• **GOAL OF THE EXERCISE**
Begin at the line containing "[Plus Size] Navy" and give again every line to the end of the records, exactly, without the pictures.

[Short text fragments from websites]
+--
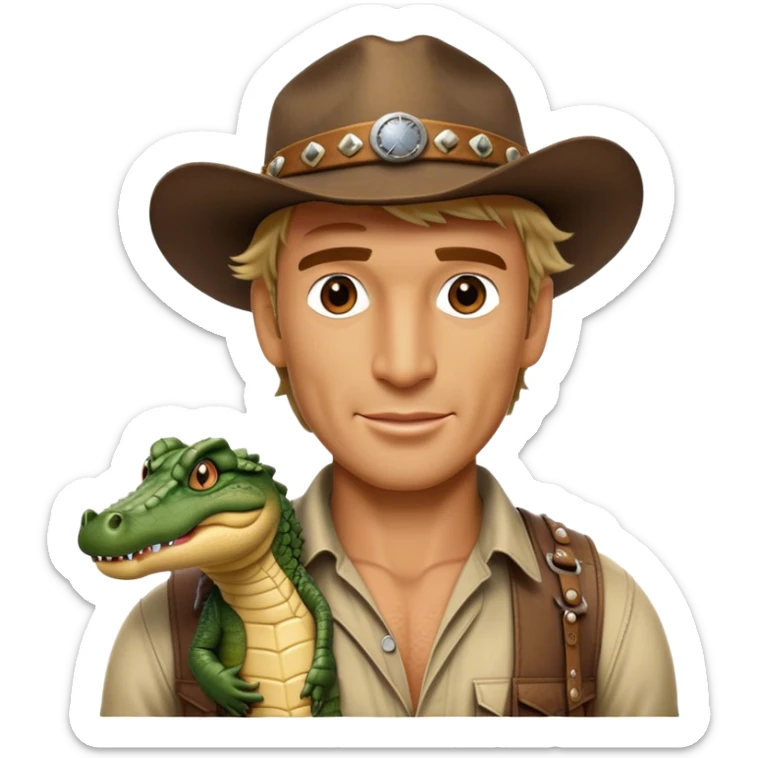 Cinematic Realistic Crocodile Dundee Pop Culture Emoji, depicted with rugged charm and adventurous spirit rendered with lifelike detail and cinematic lighting. sticker
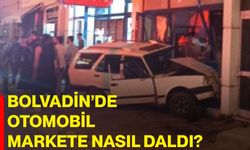 Bolvadin’de otomobil markete nasıl daldı?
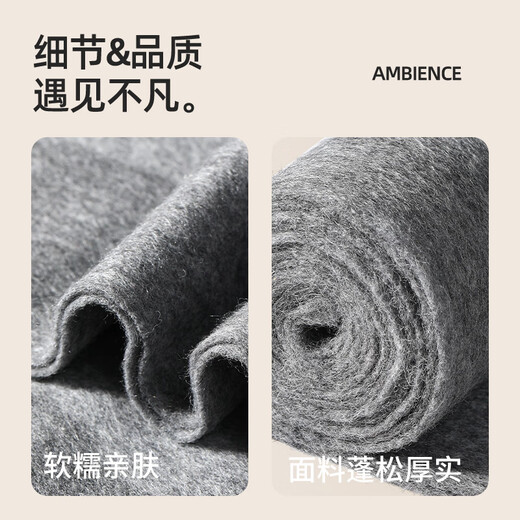 Luo Meng pure cashmere scarf men's winter plaid thickened and lengthened warm scarf as a New Year gift for elders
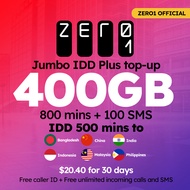 Zero1 Jumbo IDD Plus Top-Up | 400GB local data | 500 mins IDD | 800 mins local Talktime | 100 local 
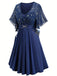 [Plus Size] Navy Blue 1970s Star Print Ruffle Flounce Sleeve Dress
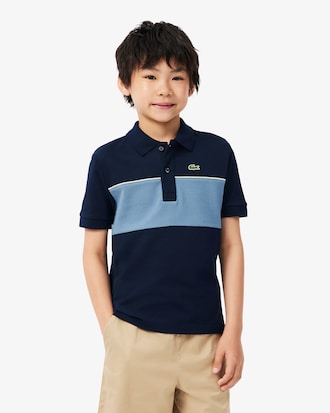 Polohemd aus Petit Piqu&eacute; mit Kontrastband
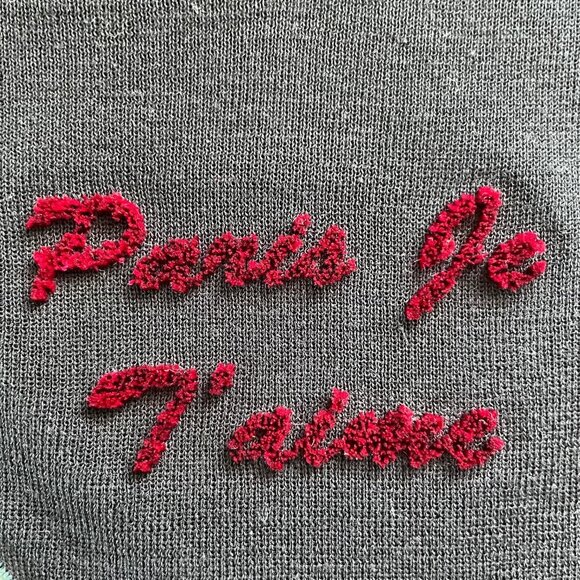 III Viviniko Rare SS Crew Neck Knit Top w Raised Graphics Blk Red Blue Sz M - Picture 7 of 11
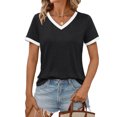 thumbnail image 2 of LWavelet Women's Color Block T-Shirt Short Sleeve Tops V-Neck Contrast Trim Casual Basic Tee Black S, 2 of 3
+--
• **EXERCISE RESULT**
 [Plus Size] Navy Blue 1970s Star Print Ruffle Flounce Sleeve Dress
 Polohemd aus Petit Piqu&eacute; mit Kontrastband
 III Viviniko Rare SS Crew Neck Knit Top w Raised Graphics Blk Red Blue Sz M - Picture 7 of 11
 thumbnail image 2 of LWavelet Women's Color Block T-Shirt Short Sleeve Tops V-Neck Contrast Trim Casual Basic Tee Black S, 2 of 3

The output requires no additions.